Prof Peter Hesseling, former professor of Paediatric and Child Health at the Faculty of Medicine and Health Sciences (FMHS), recently became the first African to receive a Lifetime Achievement Award by the International Society of Paediatric Oncology (SIOP).
This award recognises the role the FMHS played in the establishment of a novel footprint in paediatric oncology in Africa, Hesseling says.
“Stellenbosch University (SU) has offered me a lifetime of excellent opportunities as a student, teacher, researcher and manager,” says the retired healthcare veteran.
Hesseling has had a long and distinguished career as a Paediatric Oncologist.
Despite retiring in 2004 he has continued to serve the FMHS on an ad-hoc basis.
“There is simply no good reason to switch off your passion and discontinue the work that you are enjoying,” he says. In his opinion prescribed retirement age should not be a factor.
He does admit that he enjoys being relieved of the stress and responsibilities that come with holding a senior academic position.
“You of course need to create the opportunities to make this possible,” he adds.
In 2003 Hesseling responded to a challenge to assist with the treatment of Burkitt lymphoma in a rural Baptist mission hospital in Cameroon.
Sixteen years later a sustainable, comprehensive and fully funded childhood cancer programme with trained local staff and international collaborators at four Baptist mission hospitals show the fruits of his labour.
“I have since my childhood been interested in plants, animals and the needs of people.”
According to Hesseling, one of his early role models was an uncle who was a lifelong missionary doctor in a Transkei hospital.
Hesseling’s career spans decades. It includes the establishment of a children's haematology and oncology clinic at Tygerberg Hospital in 1974, his appointment as chairman of Paediatrics and Child Health in 1987, establishing the Africa Continental Branch of the International Society of Paediatric Oncology in 1992, and hosting the first international conference of the above society at Stellenbosch in 1994.
He also mentions the development of a low cost, effective and safe treatment schedule for African Burkitt lymphoma in Malawi, Ghana and Cameroon between 1996 and 2008 as major highlight.
Hesseling obtained his PhD entitled The epidemiology of Onyalai in the Kavango territory of Namibia, in 1983.
This experience taught him how to respect different African cultures, and how to execute clinical research in rural Africa he says.
Apart from the SIOP Lifetime Achievement Award in Childhood Cancer in 2019, Hesseling has also received the Francie van Zijl medal (FMHS Annual Academic Day), Frans Oettle Medal (South African Cancer Association), Paul Harris Award (Rotary International), and a merit award in Paediatric Haematology (SA College of Medicine).
He is now an honorary lifetime member of a number of professional societies.
Hesseling is still active in research and holds a National Research Foundation grant.

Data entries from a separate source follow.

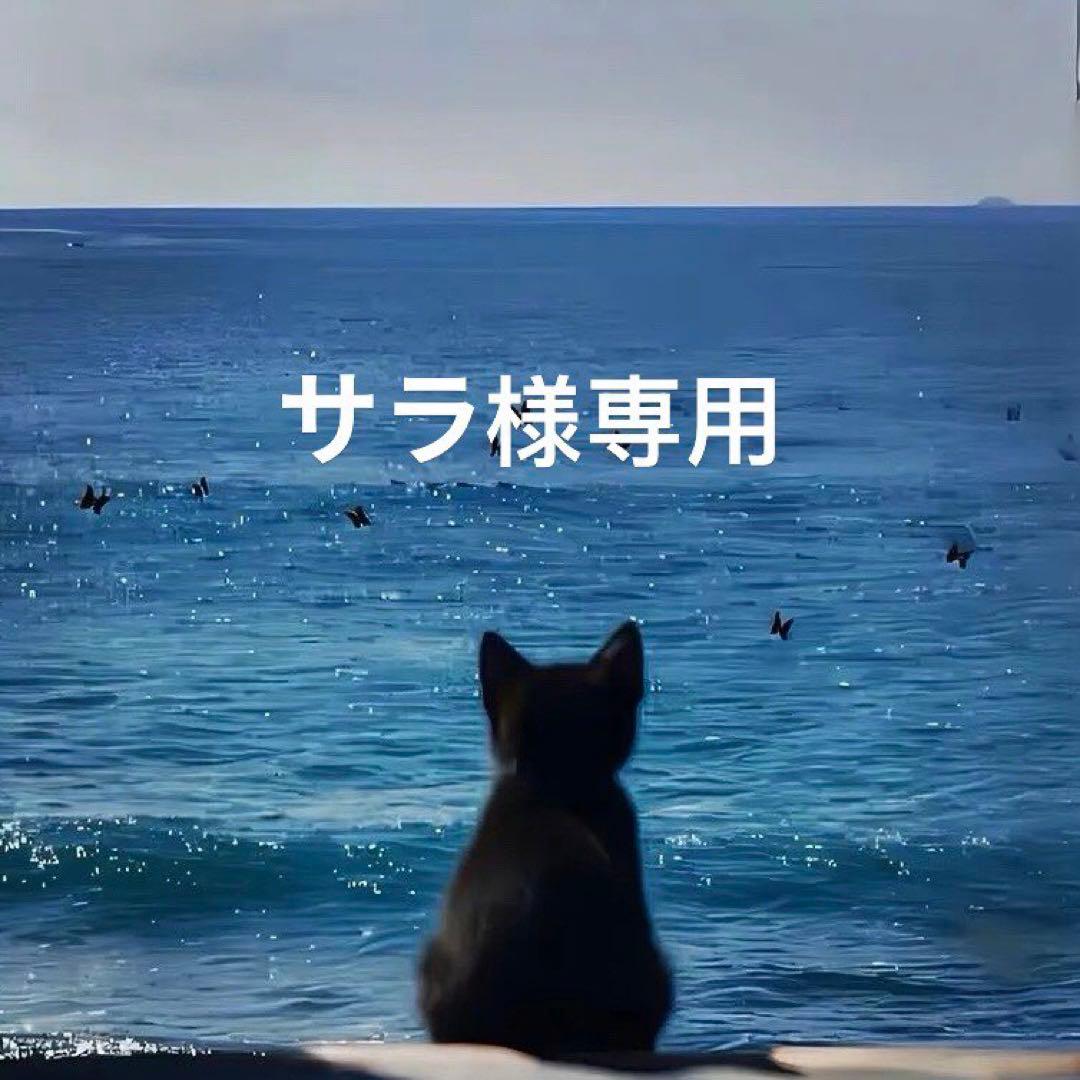 サラ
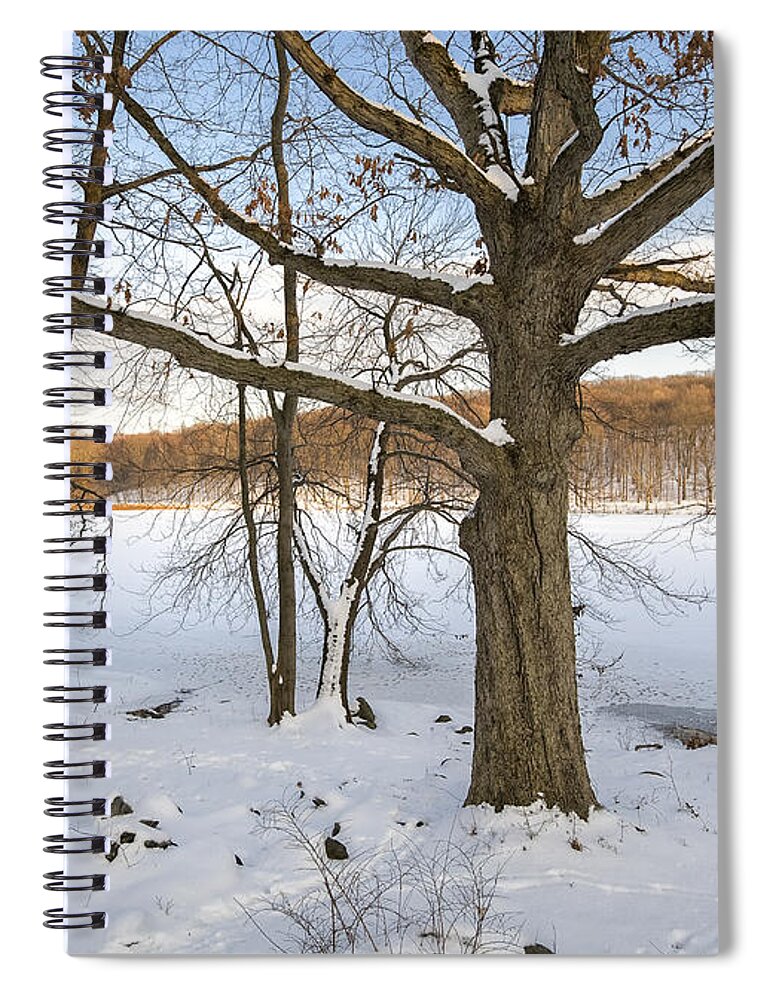 Landscape Spiral Notebook featuring the photograph Oak Tree in Snow I by Marianne Campolongo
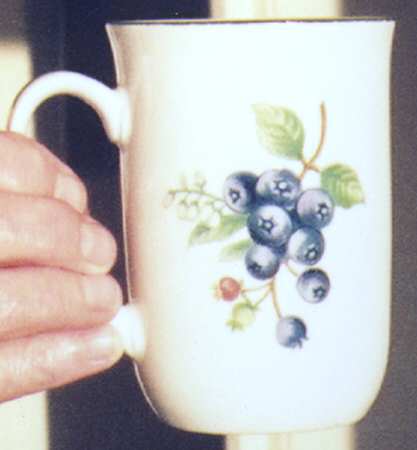 SCP2 Mug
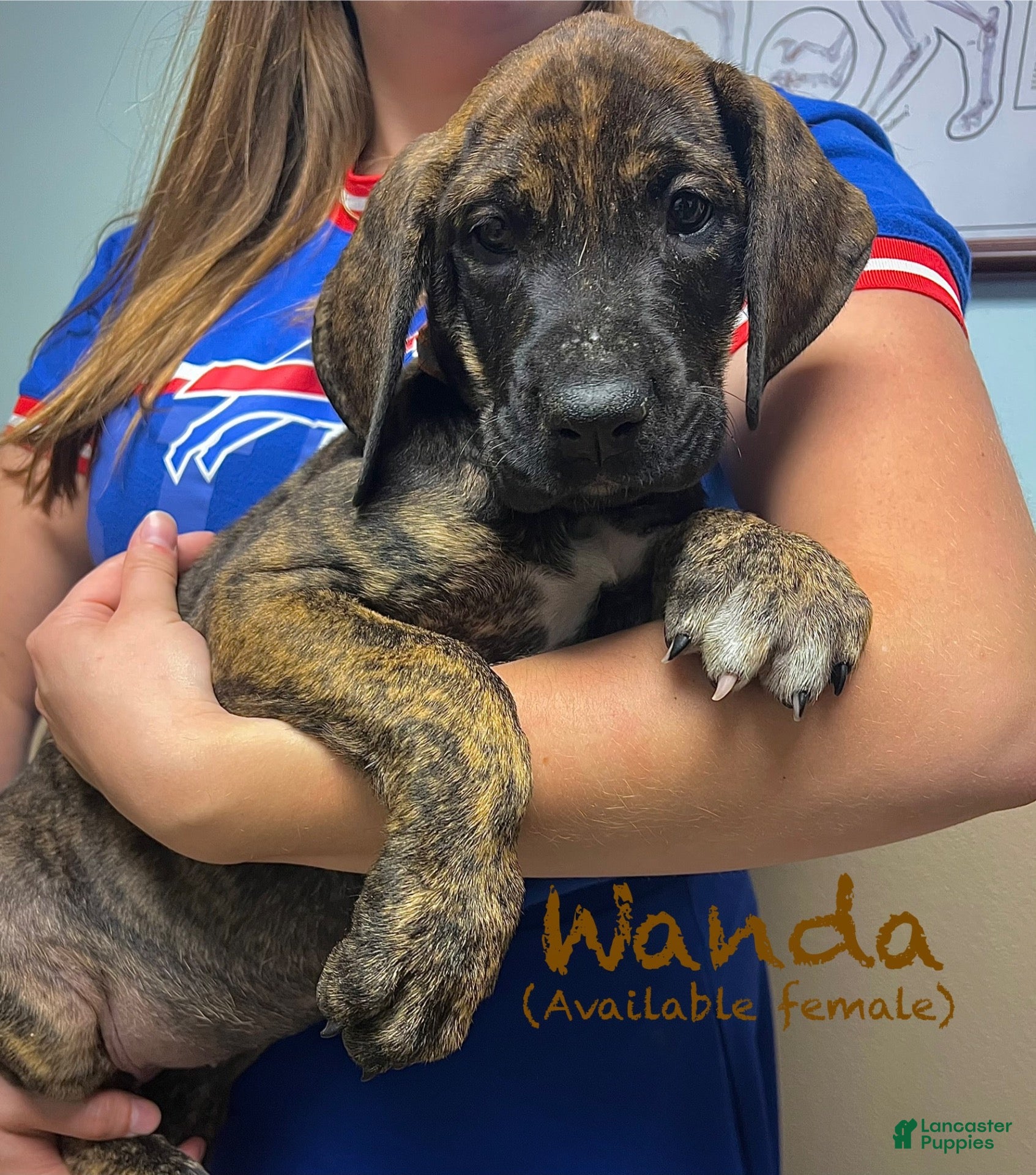 Great Dane dogs Wanda - Ad 19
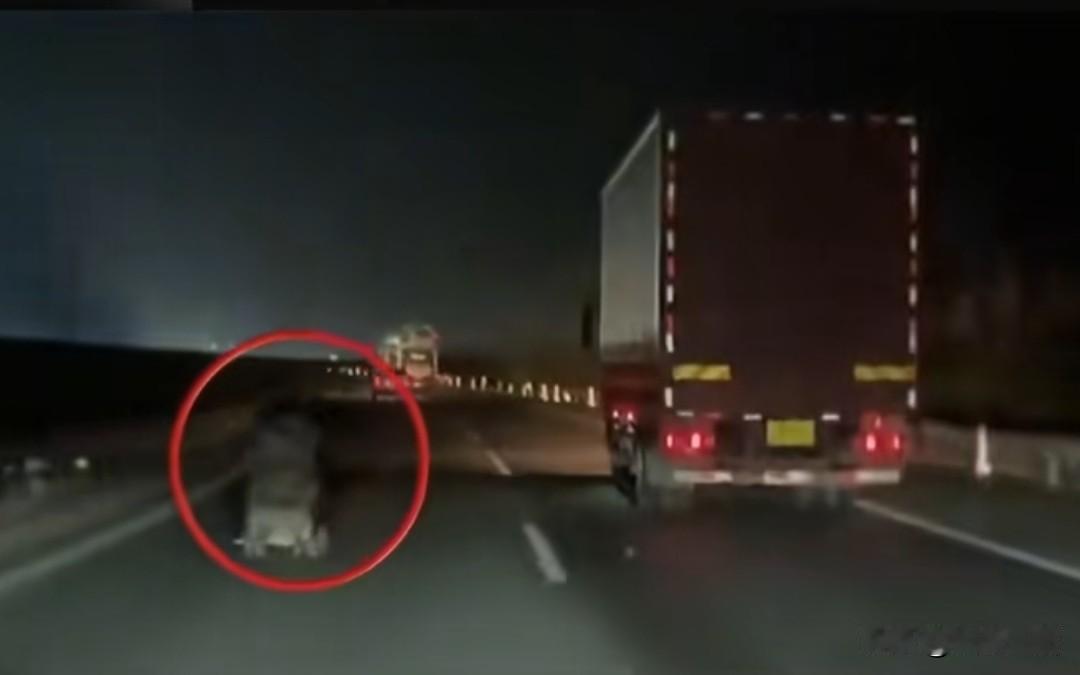 老人高速逆行推婴儿车太扯了吧，说实话只要不是官方发的新闻，我都以为是假的。
事发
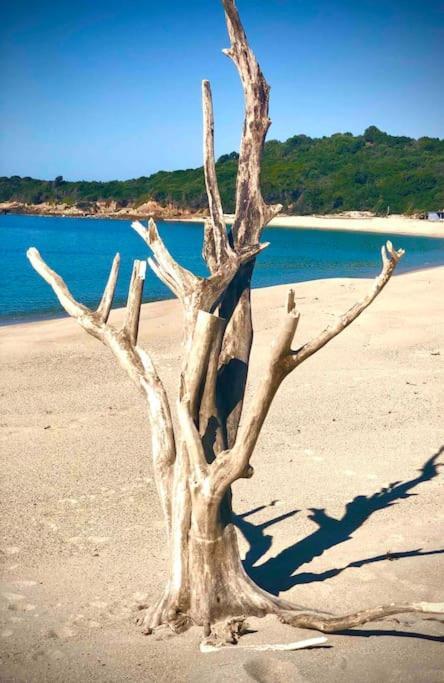 Villa Proche Ajaccio Et Mer Exclusive 2 A 10 Voyageurs Bastelicaccia Luaran gambar
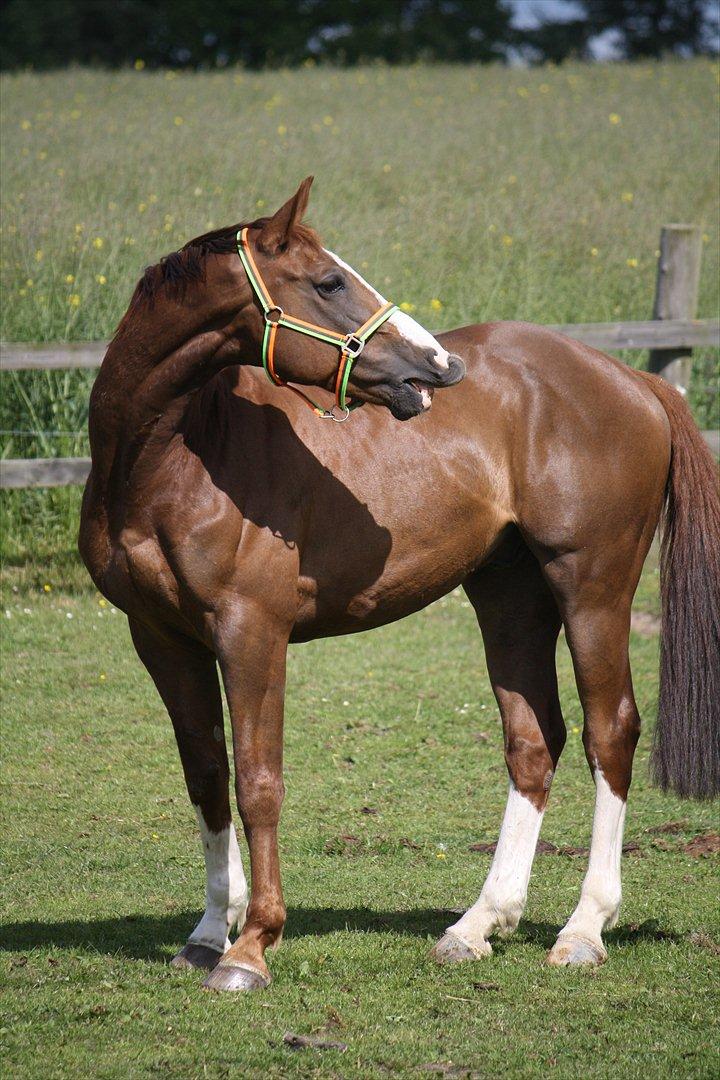 Belgisk varmblod D´Amour V/H Dennenhof - Hvor er han sød xD Foto : Mig / Hanne viola Pedersen billede 36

This award and ongoing research publications, have provided new opportunities for international scientific collaboration.
Responding to what drives him, Hesseling says: “Why am I doing this? What are my real motives? A medical degree offers the holder unique diverse career opportunities.
“You may want to earn lots of money, pursue science, teach, or simply serve mankind. Author Robert Ardry said ‘Every doctor finds his place in the sun’.”
Offering wisdom to the next generation of healthcare pioneers, Hesseling says when graduates obtain their degree, they should be a competent basic physician, but they have had limited exposure to the different disciplines of medicine.
“I think it is useful to spend a few years in a general hospital to discover what you like doing best, before considering further studies. I recommend a complete change of scenery from your teaching hospital.
“You will have the largest impact on health if you serve communities with the largest need. I hope you will all find your place in the sun, and hopefully in Africa.”